Start of DATA RECORDS

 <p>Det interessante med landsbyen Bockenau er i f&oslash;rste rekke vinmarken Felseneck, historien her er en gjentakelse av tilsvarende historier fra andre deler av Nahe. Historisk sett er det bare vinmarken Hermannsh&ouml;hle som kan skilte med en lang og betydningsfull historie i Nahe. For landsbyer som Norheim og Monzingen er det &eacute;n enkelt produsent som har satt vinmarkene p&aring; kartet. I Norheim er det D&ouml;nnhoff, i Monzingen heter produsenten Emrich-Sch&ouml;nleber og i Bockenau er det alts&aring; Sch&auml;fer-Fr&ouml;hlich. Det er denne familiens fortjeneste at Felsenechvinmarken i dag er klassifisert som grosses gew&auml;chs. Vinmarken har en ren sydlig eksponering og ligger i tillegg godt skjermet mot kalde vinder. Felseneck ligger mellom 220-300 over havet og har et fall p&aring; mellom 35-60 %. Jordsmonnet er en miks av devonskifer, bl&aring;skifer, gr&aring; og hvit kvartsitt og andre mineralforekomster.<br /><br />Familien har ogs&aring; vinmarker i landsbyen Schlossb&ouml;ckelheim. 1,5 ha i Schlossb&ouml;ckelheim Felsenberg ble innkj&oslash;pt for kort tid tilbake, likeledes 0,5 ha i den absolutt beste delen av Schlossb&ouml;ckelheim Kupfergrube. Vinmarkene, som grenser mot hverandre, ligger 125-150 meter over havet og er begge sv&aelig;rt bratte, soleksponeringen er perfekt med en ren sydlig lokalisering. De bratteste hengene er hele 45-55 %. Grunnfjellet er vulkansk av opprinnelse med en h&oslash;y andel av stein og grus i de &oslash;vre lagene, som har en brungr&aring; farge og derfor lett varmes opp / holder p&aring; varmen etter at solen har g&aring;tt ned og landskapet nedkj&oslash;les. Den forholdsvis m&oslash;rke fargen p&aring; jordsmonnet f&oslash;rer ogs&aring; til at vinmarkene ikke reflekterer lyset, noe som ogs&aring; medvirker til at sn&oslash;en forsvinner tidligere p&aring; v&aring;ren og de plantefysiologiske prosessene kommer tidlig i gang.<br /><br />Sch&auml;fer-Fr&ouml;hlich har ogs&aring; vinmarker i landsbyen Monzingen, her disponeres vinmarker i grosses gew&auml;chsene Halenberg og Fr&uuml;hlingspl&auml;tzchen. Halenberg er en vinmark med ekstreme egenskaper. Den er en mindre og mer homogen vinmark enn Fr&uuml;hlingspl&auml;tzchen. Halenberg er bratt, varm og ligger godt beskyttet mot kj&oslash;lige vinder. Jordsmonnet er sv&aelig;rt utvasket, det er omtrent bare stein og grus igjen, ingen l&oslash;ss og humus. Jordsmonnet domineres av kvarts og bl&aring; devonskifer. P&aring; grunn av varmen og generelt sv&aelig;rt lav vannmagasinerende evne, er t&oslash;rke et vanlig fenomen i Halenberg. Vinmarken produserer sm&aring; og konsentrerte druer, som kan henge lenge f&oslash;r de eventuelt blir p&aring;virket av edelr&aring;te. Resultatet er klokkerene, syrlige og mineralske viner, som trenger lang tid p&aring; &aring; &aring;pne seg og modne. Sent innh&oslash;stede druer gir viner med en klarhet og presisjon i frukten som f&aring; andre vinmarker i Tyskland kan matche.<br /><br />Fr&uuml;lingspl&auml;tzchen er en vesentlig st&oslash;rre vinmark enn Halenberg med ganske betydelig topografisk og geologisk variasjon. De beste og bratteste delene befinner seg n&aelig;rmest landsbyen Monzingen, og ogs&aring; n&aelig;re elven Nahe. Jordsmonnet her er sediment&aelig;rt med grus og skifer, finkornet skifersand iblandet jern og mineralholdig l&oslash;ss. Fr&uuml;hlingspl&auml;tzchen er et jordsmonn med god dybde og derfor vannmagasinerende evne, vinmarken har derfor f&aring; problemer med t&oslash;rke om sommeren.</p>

End of DATA RECORDS
Start of DATA RECORDS

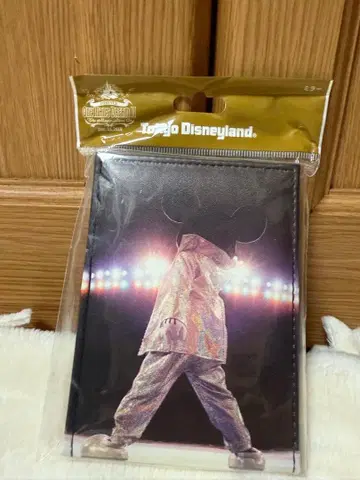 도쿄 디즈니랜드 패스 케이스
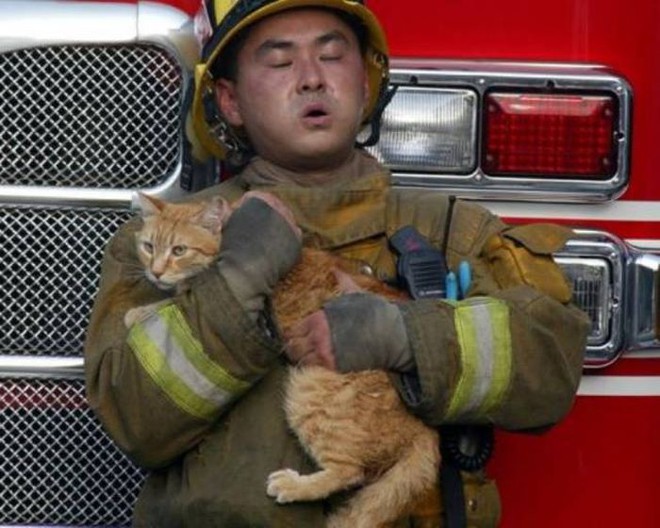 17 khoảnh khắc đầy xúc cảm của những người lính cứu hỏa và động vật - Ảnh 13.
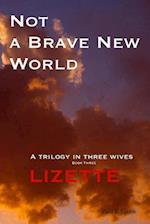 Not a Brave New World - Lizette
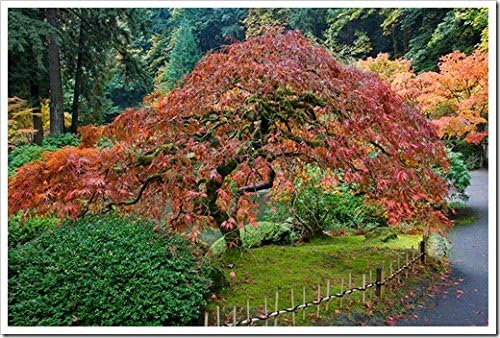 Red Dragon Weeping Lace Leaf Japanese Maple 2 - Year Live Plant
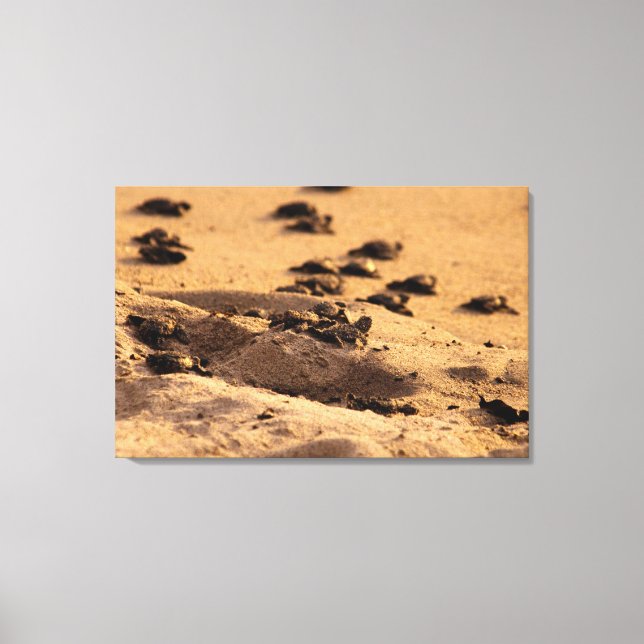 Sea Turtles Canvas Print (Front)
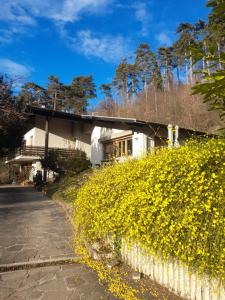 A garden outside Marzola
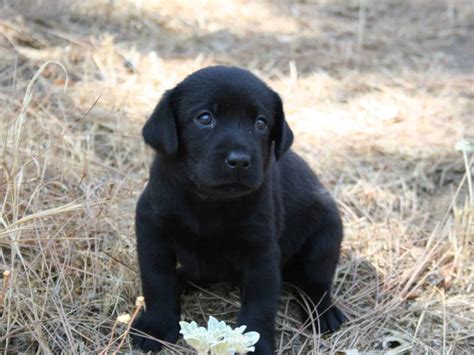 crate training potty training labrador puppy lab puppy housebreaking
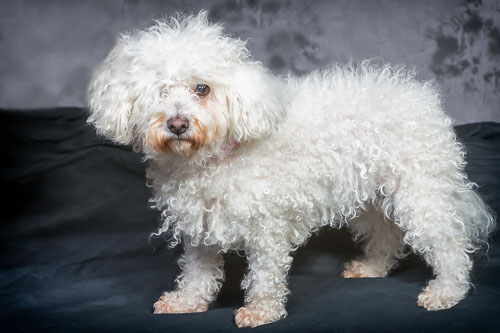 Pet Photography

End of DATA RECORDS

=== ACTION ITEM ===
When you reach the line that has "Sea Turtles Canvas Print (Front)" in the data above, start repeating lines exactly, and stop after the line that has "Pet Photography"; pictures stay out.

=== RESPONSE TO THE TASK ===
 Sea Turtles Canvas Print (Front)
 A garden outside Marzola
 crate training potty training labrador puppy lab puppy housebreaking
 Pet Photography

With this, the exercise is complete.